We all know as educators that play sets the foundation for learning. It would really frustrate me when I would hear comments like “must be fun to play all day.” But according to the wise Fred Rogers, “Play is serious learning.” Which is why I created the “I am” statements cards. These eye catching cards are hard to miss. When any adult enters the room or an area of the classroom, they will be able to see one specified learning outcome at each area.
I Am Statement Signs
Not only are they really cute, the cards also help clearly define the areas of the classroom. The kids will use language associated with the centers more readily when an area is defined.
Play Center Rotation Boards and Labels
In the beginning of school, and throughout the year the most important goal is to help children build social and play skills. This can be really hard to monitor with so many children in the class. Although I am a huge fan of open ended free play, I found it a struggle to help children strengthen skills they were struggling with. We also ran into the problem of kids with poor social skills playing with kids that also had poor social skills and children being left out because of preschool clicks. To avoid this I created a play rotation board.
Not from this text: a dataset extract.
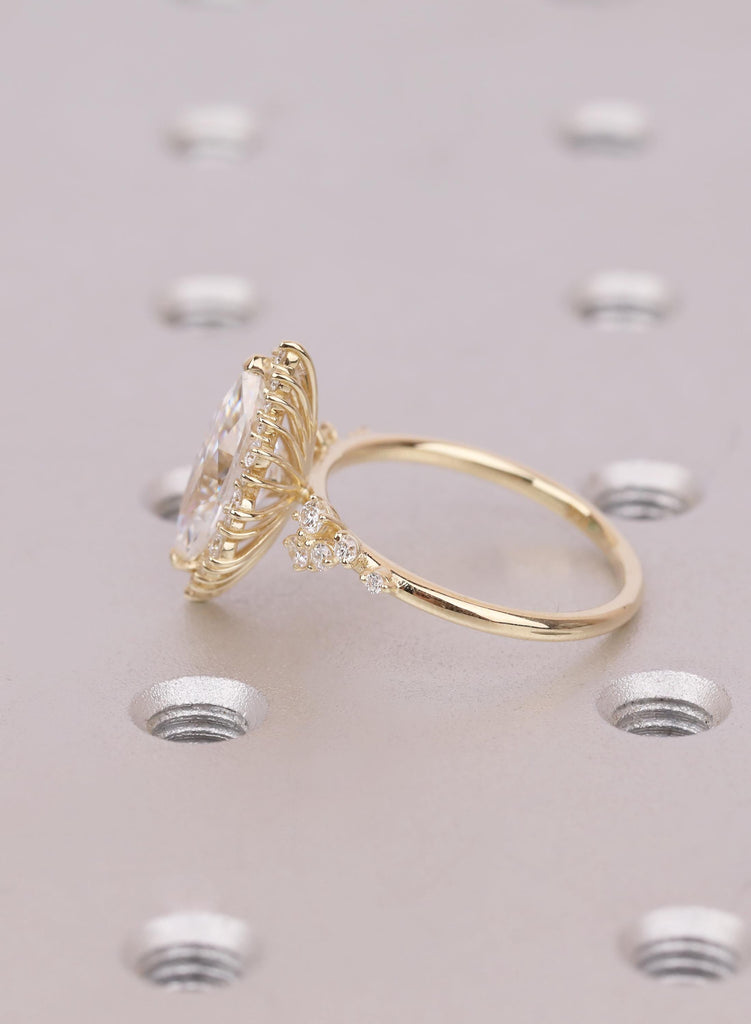 14K Yellow Gold Marquise Moissanite Halo Engagement Ring, Sparkly Cluster Statement Ring, Luxurious Unique Wedding Jewelry For Women image #6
To easiest way to create the board is to print off the center cards that you need for your classroom and then glue them to library pockets. I set the board and centers up to match the rotation in the room. If the room has the art center next to the puzzle center, they will be next to each other on the board. Start simple. Add centers as children learn to rotate.
I take a picture of each child and print it off on card stock. Then, I glue it to a large craft stick (my family is shown in pics). I break the kids in to groups according to skills. I like to put outgoing kids with shy, or shy with shy, young with mature, young with young. I change it each week as I monitor progress. The goal is that the kids are using problem solving techniques and are supported within the group. Eventually the goal is that you could place any four kids together in a group and they will get along.
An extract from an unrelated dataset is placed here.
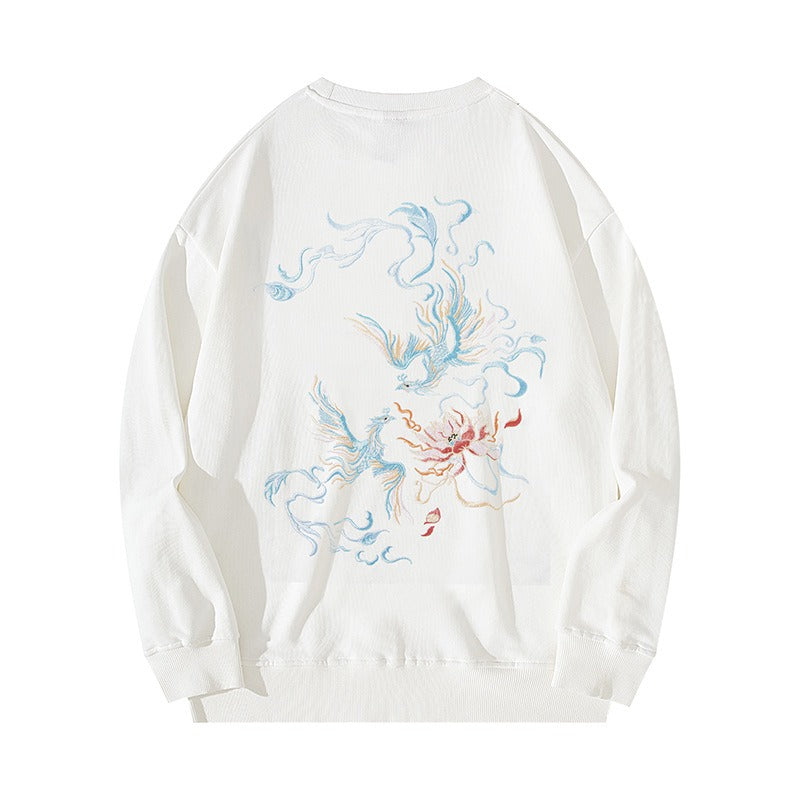 Harajuku Style Phoenix Embroidered Sweatshirt for Men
Play Center Signs Variation
Magnet boards and white boards are great ways to use the center signs. I love that I can use magnets, craft sticks or even clothespins to change up the centers. Kid love to come to school each day to see which center they will play at. I change the goals of the center and add new items each week to keep them excited and eager to rotate.
There are editable pages that you can use to map out the goals and main activity at each center. I like to keep them in a binder to see what goals and standards I have used and the ones I have yet to address. There are center check-off lists and group planning pages as well.
I love that the play center rotations allow kids to experience each area of the classroom. Prior to using them, I would have the same kids playing in the same centers with the same friends everyday. They missed areas that could have led to a new learning and interests. With the rotating centers they experience all that the curriculum has to offer!